THE TASK |
In the records below, find the line with "undefined, Wolsey Drive, Walton-On-Thames", then retype it and every following line exactly, stopping after the line with "Yeğenini öldüren adamı, karar". Leave the pictures out.

RECORDS SHOWN |

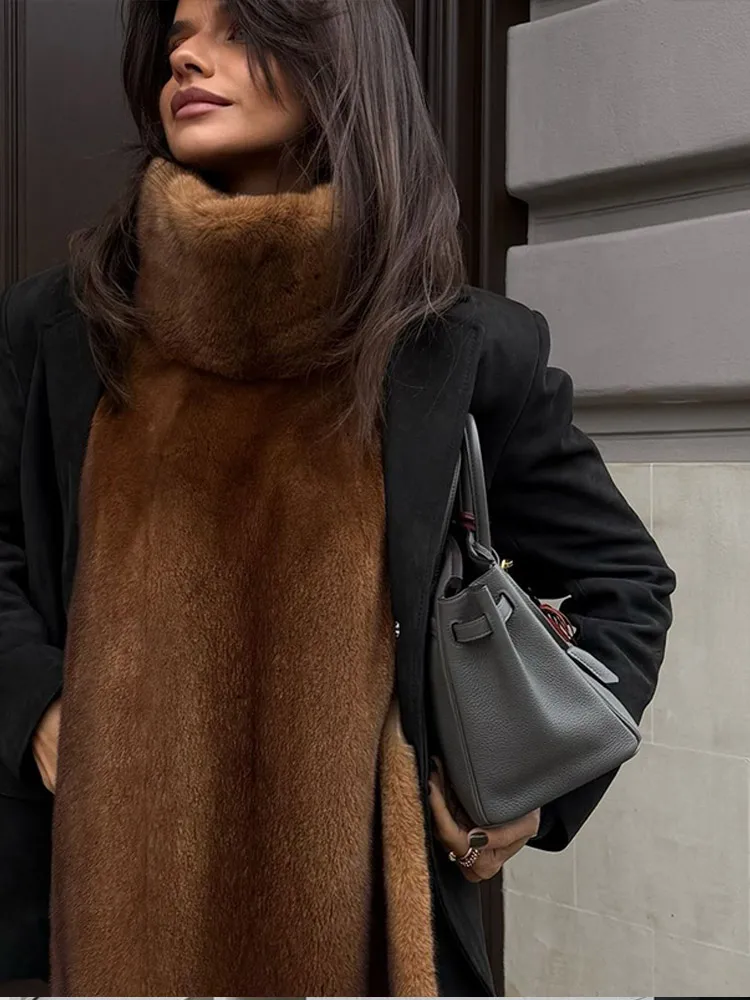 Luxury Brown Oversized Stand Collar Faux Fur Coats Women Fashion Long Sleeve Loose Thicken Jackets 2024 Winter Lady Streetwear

---

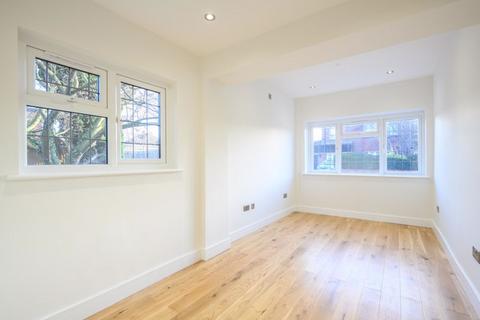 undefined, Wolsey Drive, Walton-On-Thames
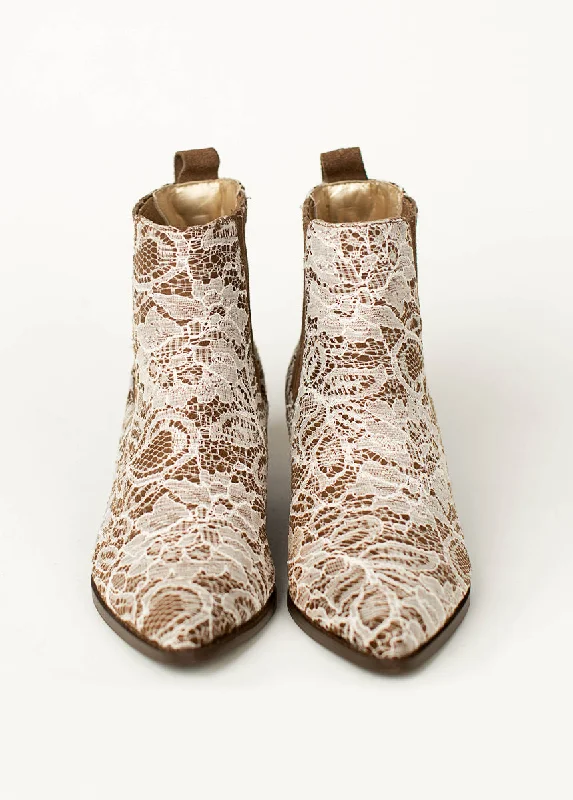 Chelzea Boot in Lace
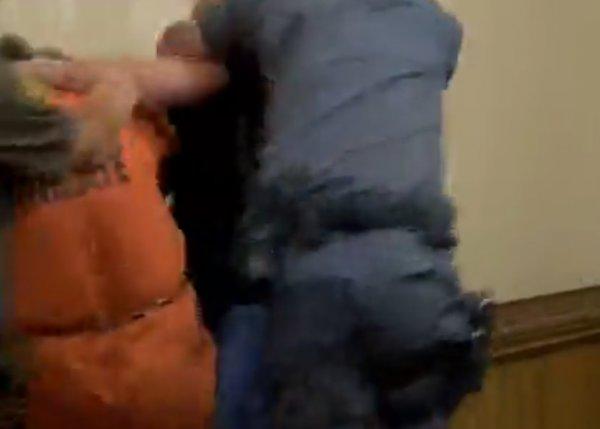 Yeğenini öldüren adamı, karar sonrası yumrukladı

ANSWER FOR THIS EXERCISE |
 undefined, Wolsey Drive, Walton-On-Thames
 Chelzea Boot in Lace
 Yeğenini öldüren adamı, karar sonrası yumrukladı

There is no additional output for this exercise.